Question : La déclaration commune évoque les conditions que la Pologne devrait remplir pour pouvoir se rapprocher de l'UEO, les conditions et les critères dont vous parliez tout à l'heure. Est-ce qu'on pourrait savoir quels seraient ces conditions et ces critères ?
Le ministre : Je parlais tout à l'heure des critères qu'il conviendrait de définir ensemble pour guider la Pologne dans son cheminement vers l'adhésion à l'Union européenne, nouveau nom de la Communauté depuis le 1er novembre dernier. Je répète que ces critères ne sont pas conçus comme des exigences supplémentaires, mais au contraire comme des signaux permettant de baliser le chemin et d'aider la Pologne.
En ce qui concerne le statut d'association à l'Union de l'Europe occidentale, je n'ai pas évoqué de critères ou de conditions.
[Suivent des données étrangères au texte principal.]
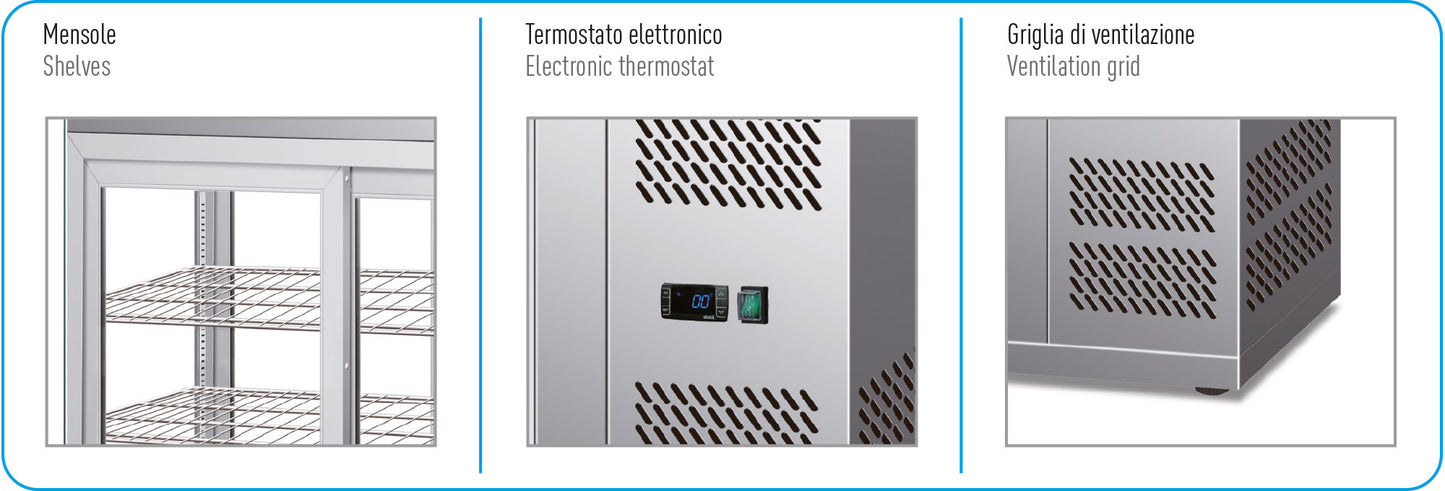 Šank hladnjak sa staklenim vratima – model CKC 100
Ce que nous avons dit, Klaus Kinkel et moi-même, c'est que nous allions saisir le 22 novembre prochain, lors de la réunion ministérielle de l'UEO, nos partenaires pour qu'ils se prononcent sur cette idée, qu'ils mettent à l'étude la définition du contenu du statut de l'association, qui doit être naturellement un plus par rapport à la participation au Forum de consultation auquel la Pologne appartient déjà. Et j'espère que ce travail pourra aboutir dans un délai qui se comptera en semaines ou en mois et non pas en années. Voilà l'objectif, et je le répète, il y a dans notre esprit parallélisme entre l'association à l'Union européenne et l'association à l'Union de l'Europe occidentale.
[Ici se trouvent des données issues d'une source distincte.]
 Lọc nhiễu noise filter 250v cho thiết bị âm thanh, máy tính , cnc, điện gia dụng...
Question : (sur la Pologne et l'Eurocorps).
Le ministre : Je voudrais saluer l'esprit de curiosité qui est propre à votre profession. Vous voulez toujours en savoir plus que ce qui est écrit. Il me semble que ce qui est écrit est tour à fait explicite. Nous allons intensifier les contacts militaires entre nos experts, voir comment la coopération entre les forces années de nos États peut se poursuivre et examiner avec attention le désir de la Pologne d'établir des contacts avec le corps européen. Il me semble que tout cela est parfaitement explicite, et cela se mettra en place au fur et à mesure que ces contacts auront eu lieu.